He really sends these witches forth to a blasted heath, the avant-couriers of his own visit thither, and of a longing that gains substance and direction the more he entertains it. It is strong enough to be an object behind his retina; and it throws out shapes to limn themselves upon the air into which they make themselves and vanish. And they can appear only at that period of his evil brooding when it gathers and swells, too big for his brain, bursting its barriers to become external. After the actual murder of Duncan has occurred, the brain of Macbeth is depleted for a while: the ominous forms wait till Banquo's ghost can recruit them.

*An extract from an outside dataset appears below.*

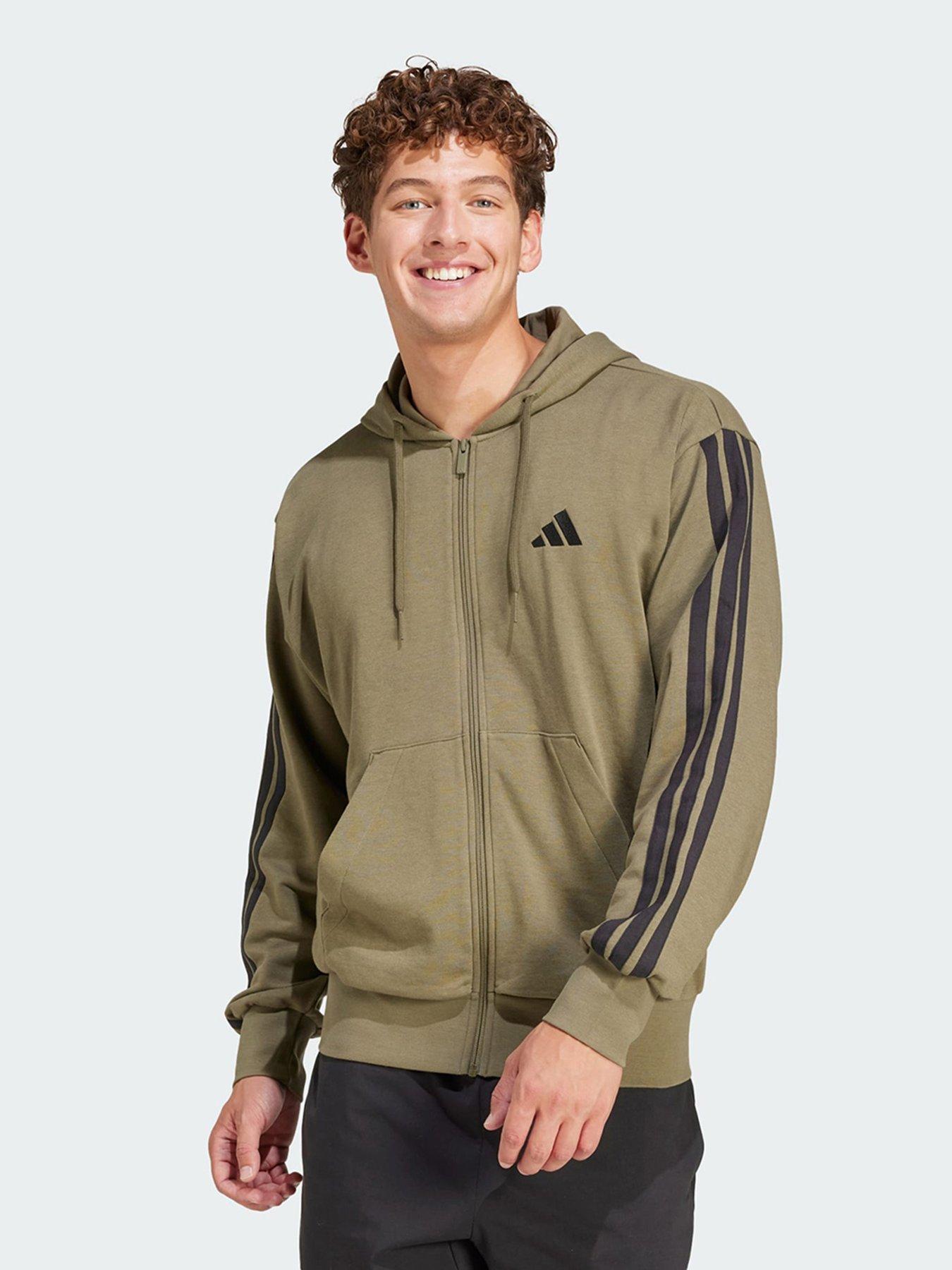 adidas Essentials 3-Stripes French Terry Full-Zip Hoodie Olive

Macbeth has an imagination so keen and unbridled that it outruns the limits of thinking, to become projected outside of his bodily eye in shapes and objects that occupy the focus of his criminal intent. His crimes become ocular deceptions, because they are so palpably real to his mental vision, sharpened as it is by the ambitious sympathy of a wife whose temperament outraces action. Murder is Macbeth's owner before he is conscious that he has made himself the chattel of his wife's suggestions. That same creative fancy built forth into the air the handle of the instrument which he has fated himself to use: he marshalled it the way that he intended to go. No supernatural smith has forged the fatal weapon: it is tempered in the current of his own plastic mind.

But although Macbeth has this mobile imagination, like that which

"If it would but apprehend some joy,It comprehends some bringer of that joy;"

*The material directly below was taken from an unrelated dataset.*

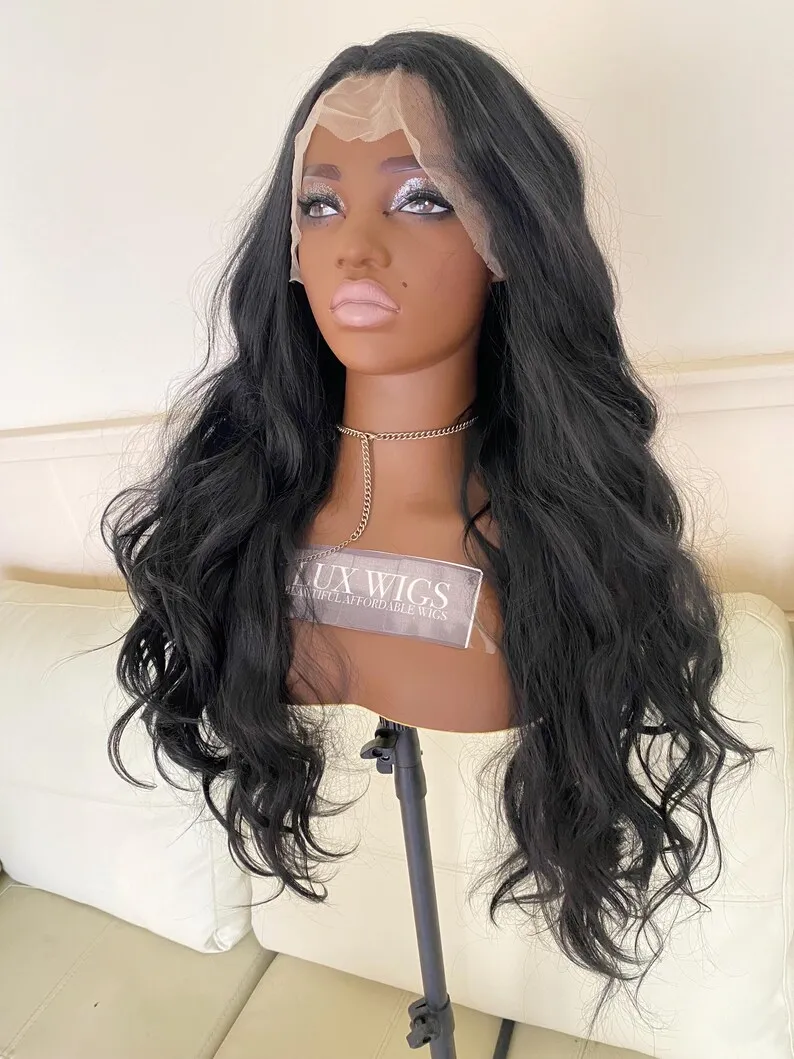 أسود طويل الجسم موجة الدانتيل شعر مستعار أمامي قبل قطعها 13x4 HD الدانتيل الباروكة الأمامية غلويليس جودة عالية جاهزة لارتداء اليومي تأثيري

and though he has become one of those madmen who

"Have such seething brains,Such shaping fantasies, that apprehendMore than cool reason ever comprehends,"

he is still capable of reverting to this cool reason, at least so far as to appreciate that his desperate dreams are the poetry of desperate consequences which will tax all his waking powers. When the apparitions vanish, in Act iv. 1, one of the witches gives a voice to Macbeth's perturbation; but why

"Stands Macbeth thus amazedly?"

It was but the voice of revulsion from amazement, to "cheer up his sprites" and summon resolution.

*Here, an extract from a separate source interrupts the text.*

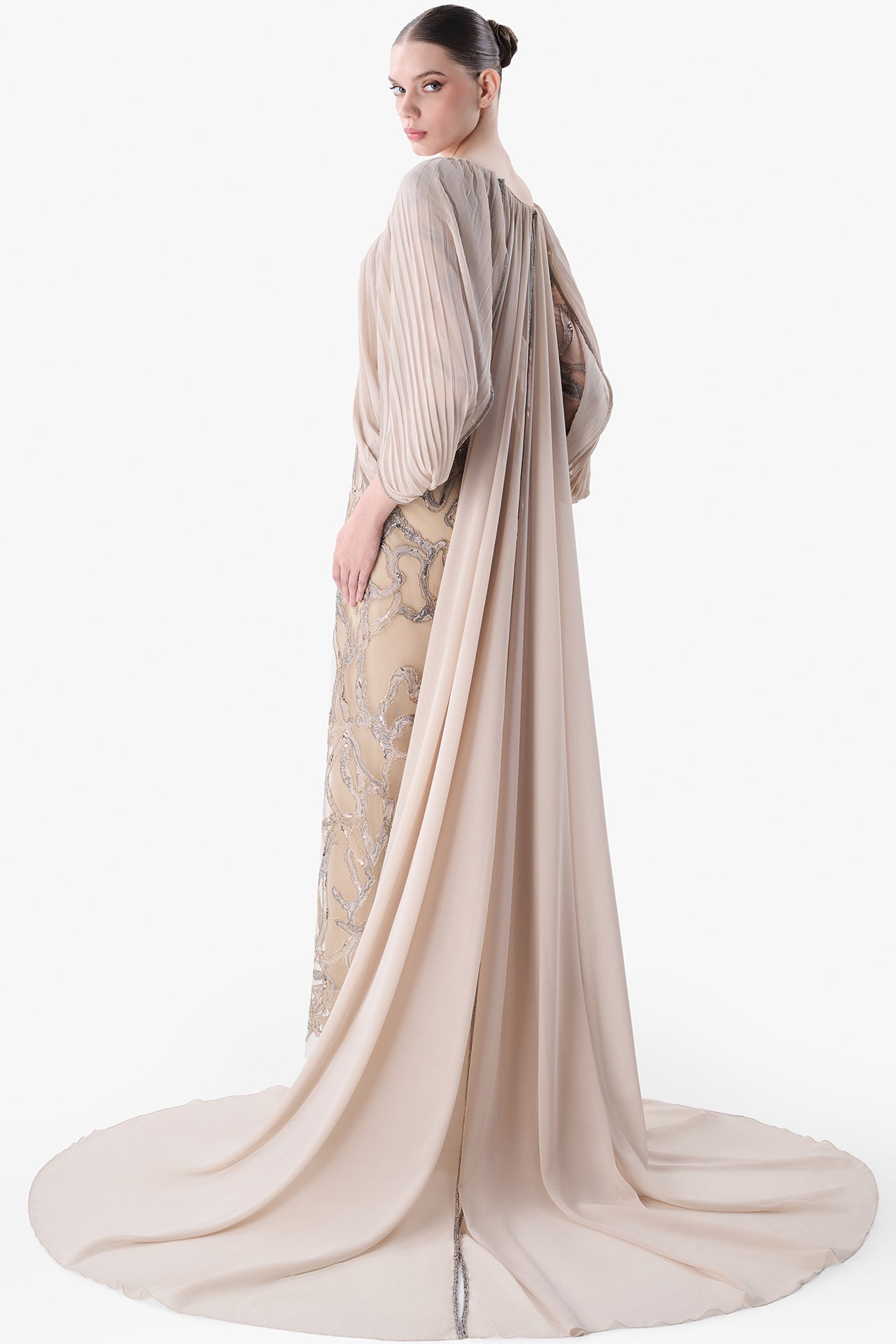 Embroidered Gown with Pleated Cape Sleeves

When Macbeth originates any thing out of himself, that Self is not daunted, for it is too deeply compromised in fact and fancy. But when some phenomenon threatens him from a quarter that is outside the limit of his own creative power, as when Birnam Wood is descried coming toward Dunsinane, he is puzzled, and says:—

"I pull in resolution; and beginTo doubt th' equivocation of the fiend,That lies like truth.I 'gin to be a-weary of the sun."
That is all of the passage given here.